Something to look forward to: The new Zen 2 CPU design promises to deliver performance and security improvements throughout, as well as lower power consumption and more flexible CPU setups thanks to its innovative chiplet design.
AMD has announced the launch of its latest chip design, Zen 2, introducing the first x86 7nm CPU to the market, and detailing its many architectural improvements.
At today's AMD Next Horizon event, AMD presented its first 7nm server CPU based on its new Zen 2 architecture. 'Rome', as this iteration of Epyc is known, is the follow-up to 'Naples' and effectively doubles-up on a number of core features of its predecessor, it is also happens to be drop-in compatible with 'Naples' which will bring added savings to the first-gen adopters.
It's a 64-core / 128-thread design, PCIe 4.0-supporting behemoth, delivering a claimed 4x FPU performance increase per socket. The 7nm process, developed in tight partnership with TSMC, is set to also deliver gains in other metrics: twice the transistor density, half the power consumption (for the same performance) and 25% more performance (at the same power envelope). Of course these are either/or situations, AMD will be able to deliver added performance for the same power or massive power savings for identical (Naples-like) performance.
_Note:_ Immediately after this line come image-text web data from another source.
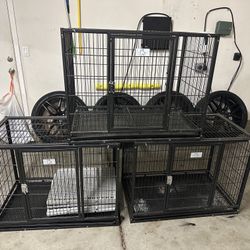 Dog Drop Down Cages (Need Gone) 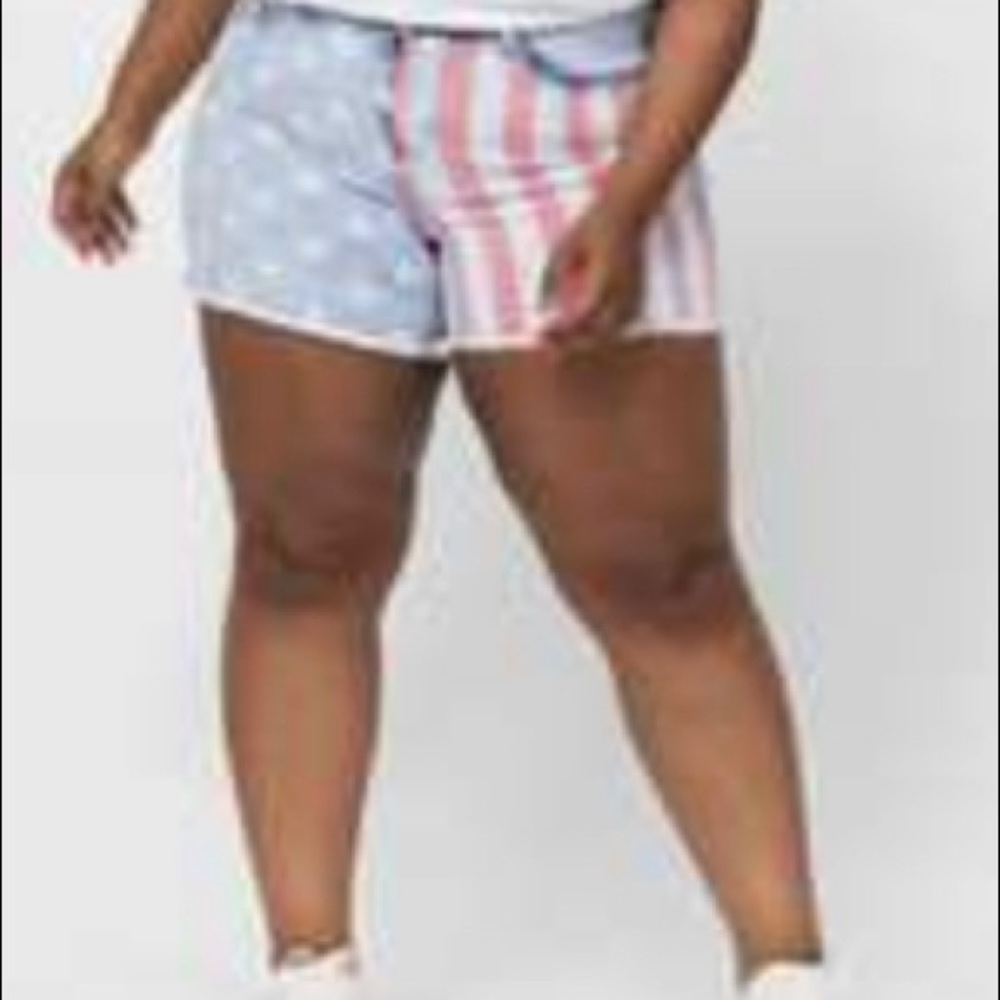 Red, white & blue jeans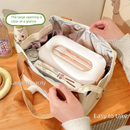 Axyaa Lunch Box Storage Bag: Insulated Hand-Held Office Bento Bag with Large Capacity
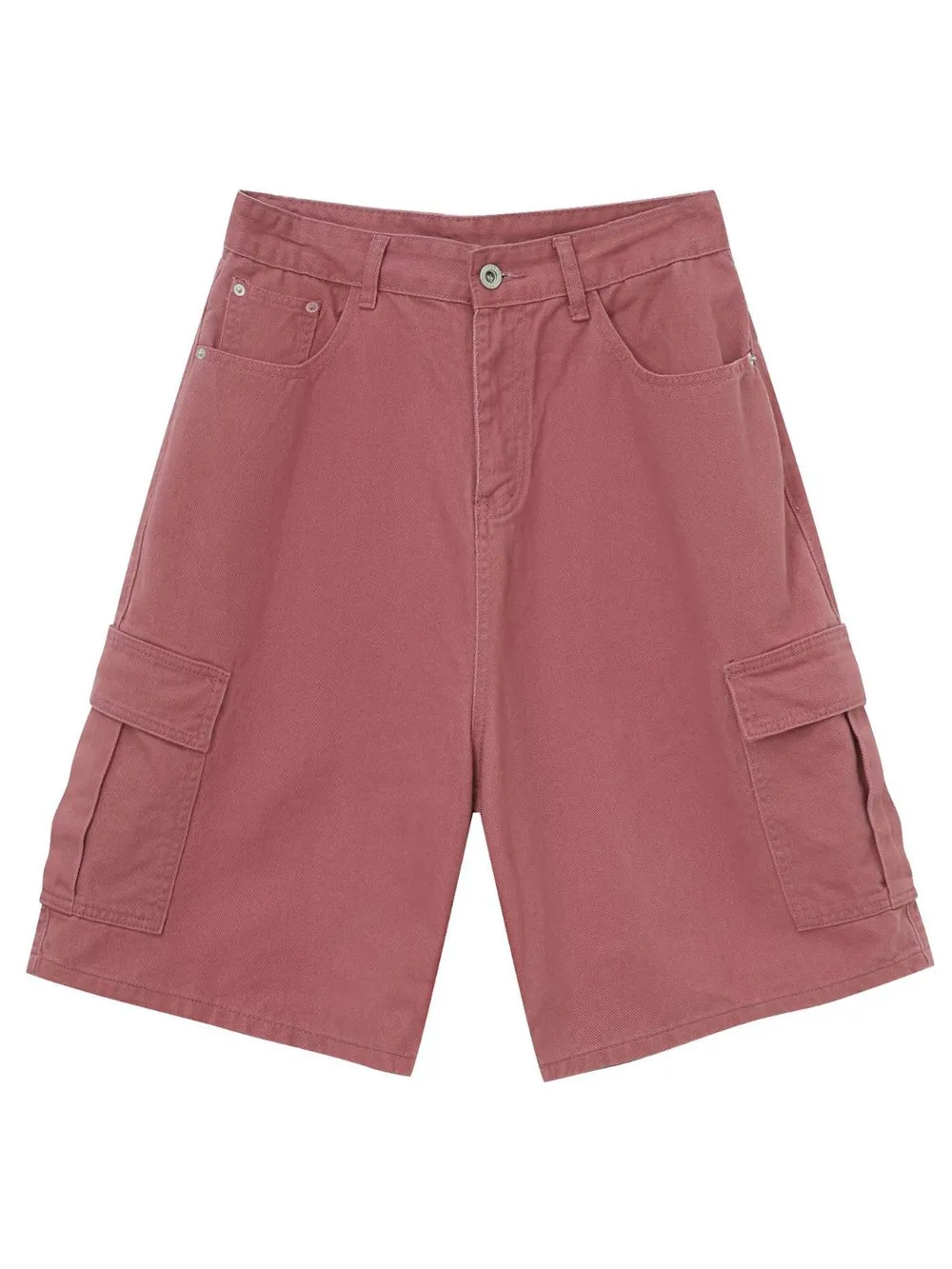 Men's Mid Rise Denim Shorts with Cargo Pockets, image 7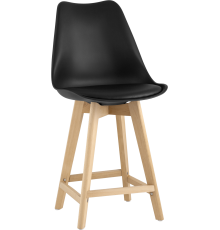 Полубарный стул Stool Group Frankfurt черный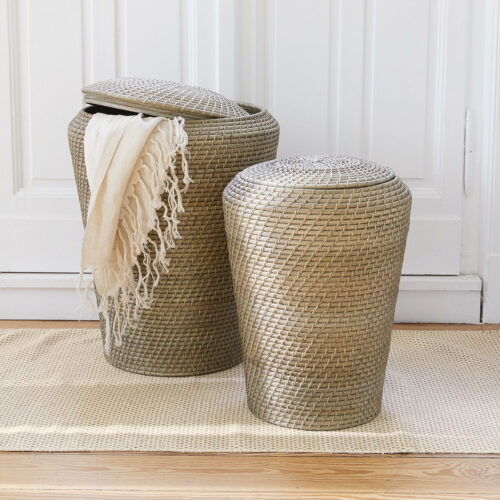 Wäschekorb 2er Set Nora - Loberon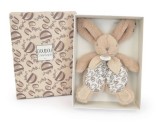 Jucarie de plus, Doudou, Iepuras, 18 cm, Bej
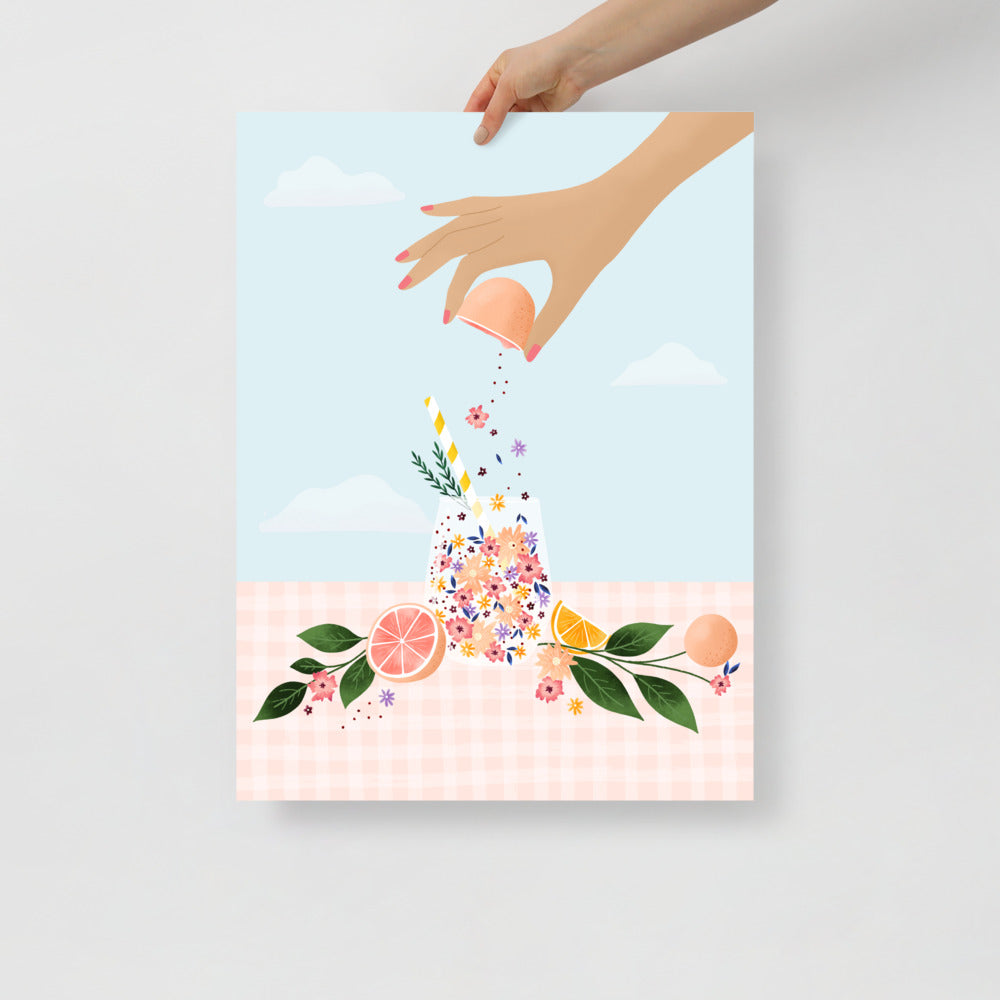 Lemonade art print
Apart from this, Zen 2 brings along architectural improvements throughout; all contributing to the performance gains: a more advanced branch predictor, security enhancements to stave off Spectre-like vulnerabilities, improved execution pipeline, better instruction pre-fetching and larger Ops cache (to name a few).
But there's more. Zen 2 is a departure from the monolithic CPUs that, while bringing the aforementioned density, power, and core configuration gains, also introduces a design concept which both AMD and Intel have been gushing about for a few years now: a modular CPU built on an interconnect (Infinity Fabric) linking multiple CPU chiplets (in this case, the CCX).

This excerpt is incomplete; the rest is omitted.